Return the listing exactly. Keep no pictures.

┌──

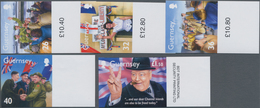 Großbritannien - Guernsey: 2005, 5 Values "Events In The Second World War - Including Winston Church - Guernsey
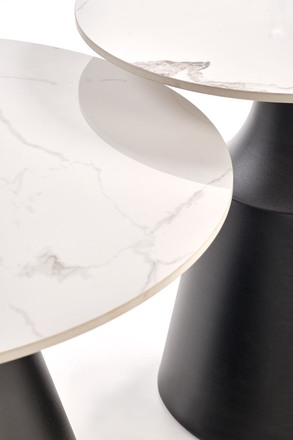 Sestava dvou konferenčních stolků Halmar MAGNETA bílá mramor černá (2p=1szt) (11)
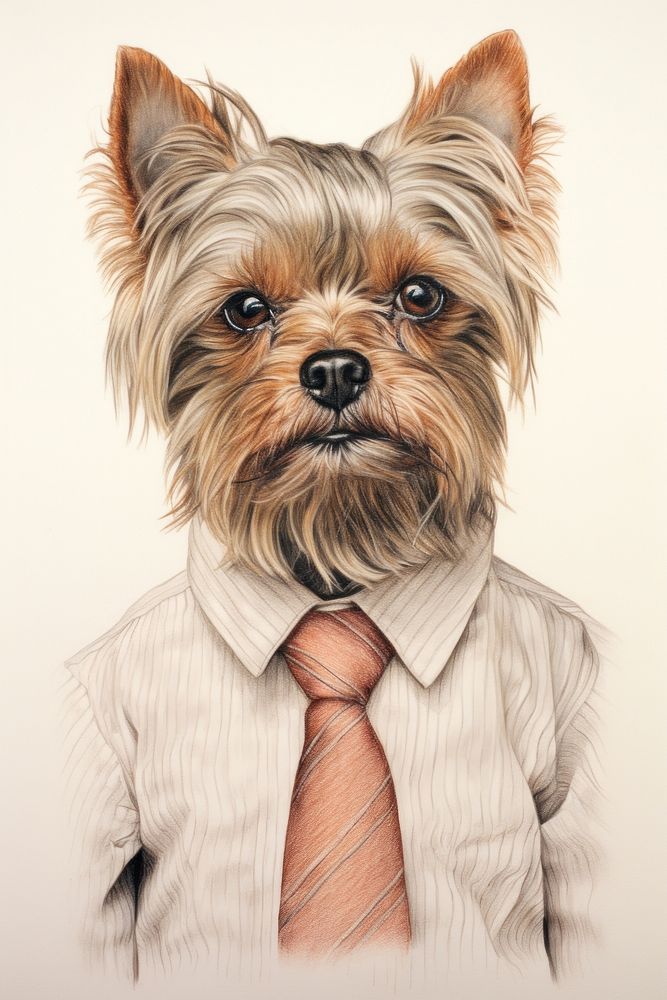 Dog character Business cloth drawing sketch accessories.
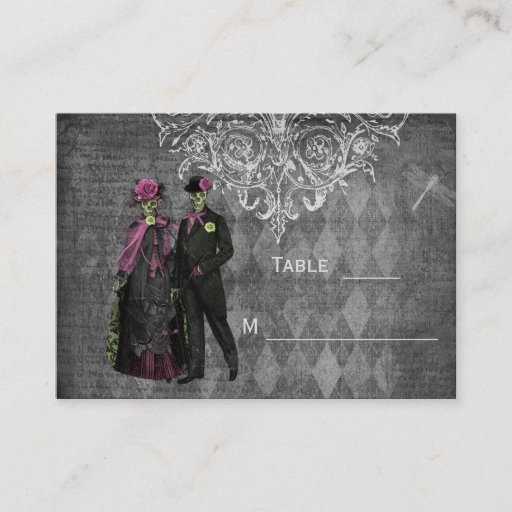 Customizable Halloween Bride &amp; Groom Wedding Guest Place Cards Business Card Templates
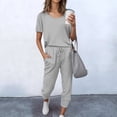 thumbnail image 2 of DHFJKG 2 Piece Sets For Women Summer Sweatsuits Short Sleeve Crewneck T Shirts Joggers Ankle-Tied Sweatpants With Pockets Tracksuits Sets Stylish Outfit, 2 of 4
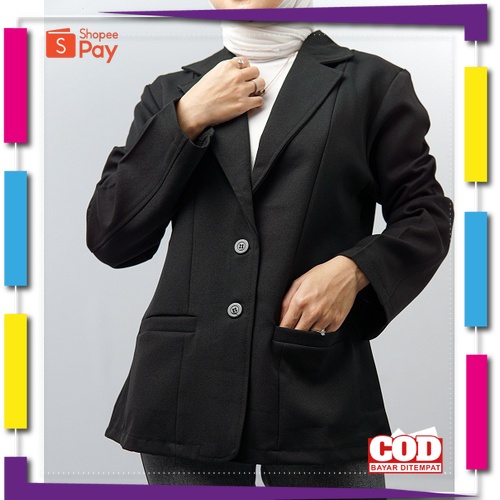 PREMIUM KOREAN STYLE / BLAZER BIGSIZE WANITA/BLAZER HITAM JUMBO/JAS KERJA BIGSIZE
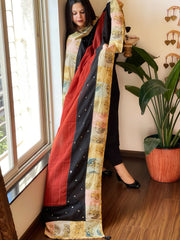 Ajrakh Patchwork Cotton Dupatta with Kantha Stitch & Mirror Work - Masakalee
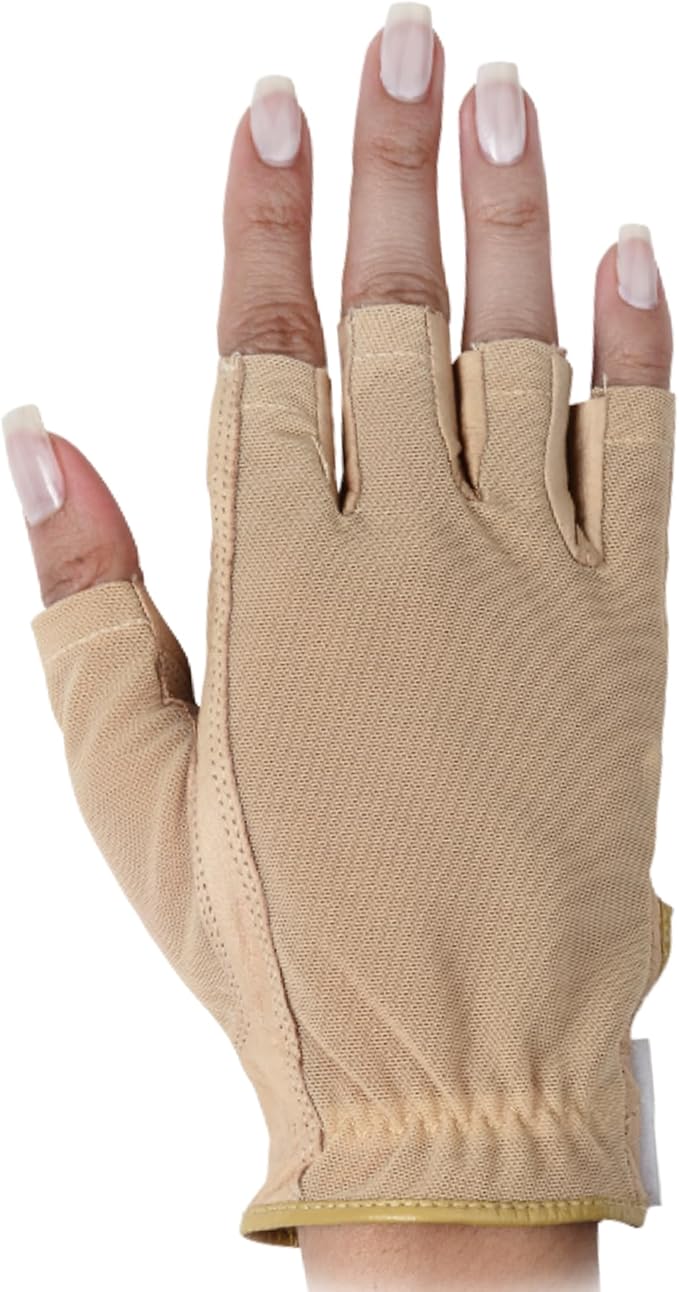 Solar Tan Women’s Half Golf Glove | SPF 10 UV-Filter Fabric, Breathable Cooling Fingerless Design for Even Tan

└──

#### EXERCISE RESULT:
 Großbritannien - Guernsey: 2005, 5 Values "Events In The Second World War - Including Winston Church - Guernsey
 Sestava dvou konferenčních stolků Halmar MAGNETA bílá mramor černá (2p=1szt) (11)
 Dog character Business cloth drawing sketch accessories.
 Customizable Halloween Bride &amp; Groom Wedding Guest Place Cards Business Card Templates
 thumbnail image 2 of DHFJKG 2 Piece Sets For Women Summer Sweatsuits Short Sleeve Crewneck T Shirts Joggers Ankle-Tied Sweatpants With Pockets Tracksuits Sets Stylish Outfit, 2 of 4
 PREMIUM KOREAN STYLE / BLAZER BIGSIZE WANITA/BLAZER HITAM JUMBO/JAS KERJA BIGSIZE
 Ajrakh Patchwork Cotton Dupatta with Kantha Stitch & Mirror Work - Masakalee
 Solar Tan Women’s Half Golf Glove | SPF 10 UV-Filter Fabric, Breathable Cooling Fingerless Design for Even Tan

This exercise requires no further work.